Al di là del protocollo, la notizia sta nel focus puntato da Washington su Idomeni e Atene, anche perché, come ha sottolineato la Nuland, con la visita al campo di fango al confine tra Grecia e Macedonia (FYROM per Atene) si vuole "mostrare la solidarietà americana alla Grecia al fine di comprendere meglio come possiamo essere più utili".

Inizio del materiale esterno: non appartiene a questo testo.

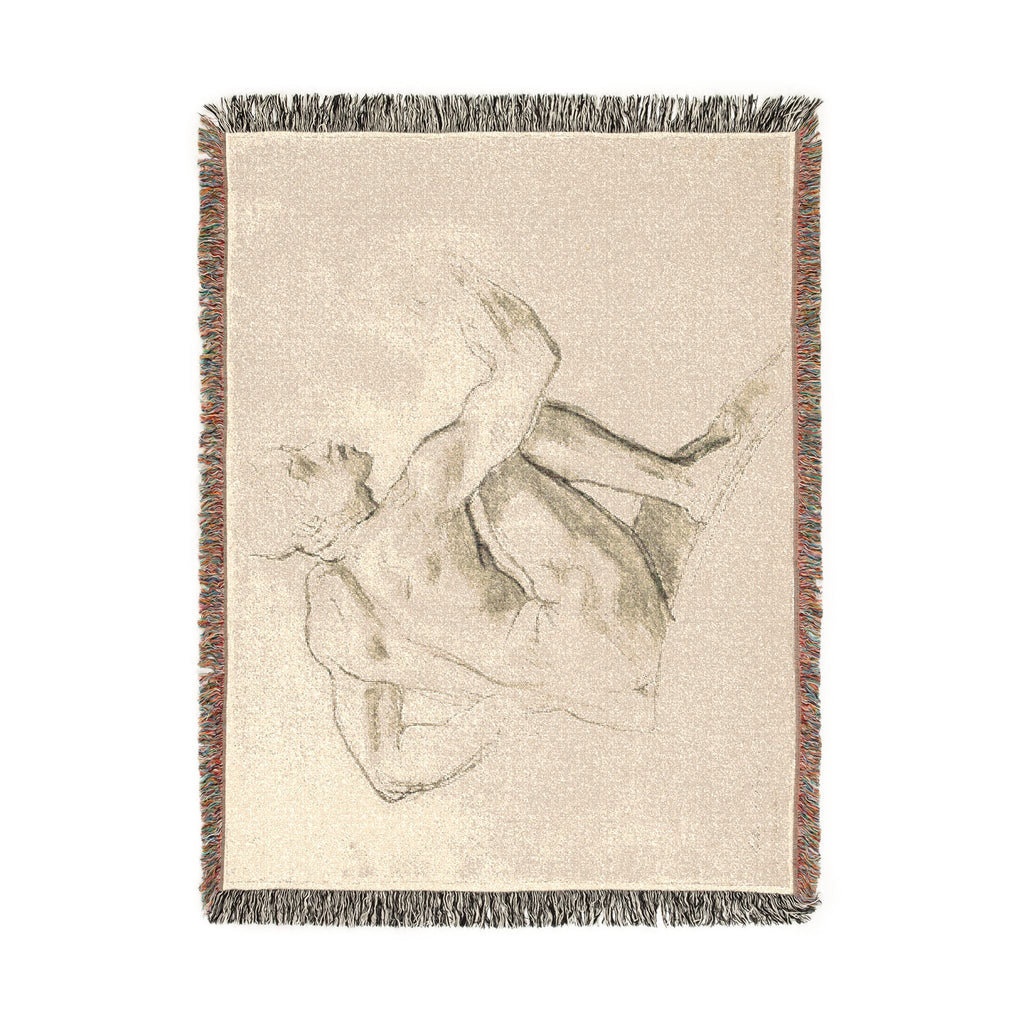 John Singer Sargent - Seated Male Nude | Woven Tapestry Blanket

La Nuland ha mostrato apprezzamento per la situazione a Diavata, definita un campo modello anche per altri centri di accoglienza in Grecia, e ha ribadito più volte che i greci sono sì molto generosi nell’aiutare i rifugiati, ma si dovrebbe procedere in modo più veloce, visti i numeri degli arrivi. Un altro passaggio significativo è stato poi rappresentato dall’incontro bilaterale tra Nancy Jackson, sottosegretario di Stato all’immigrazione USA, e la vice ministro della Difesa greco Demetris Vitsa. La questione migranti da molti viene interpretata infatti soprattutto in termini di sicurezza, più che di emergenza umanitaria. E in molti, sia in Grecia che in Europa, criticano Tsipras sostenendo che il suo governo non abbia fatto abbastanza per presidiare i confini nazionali nell’Egeo orientale.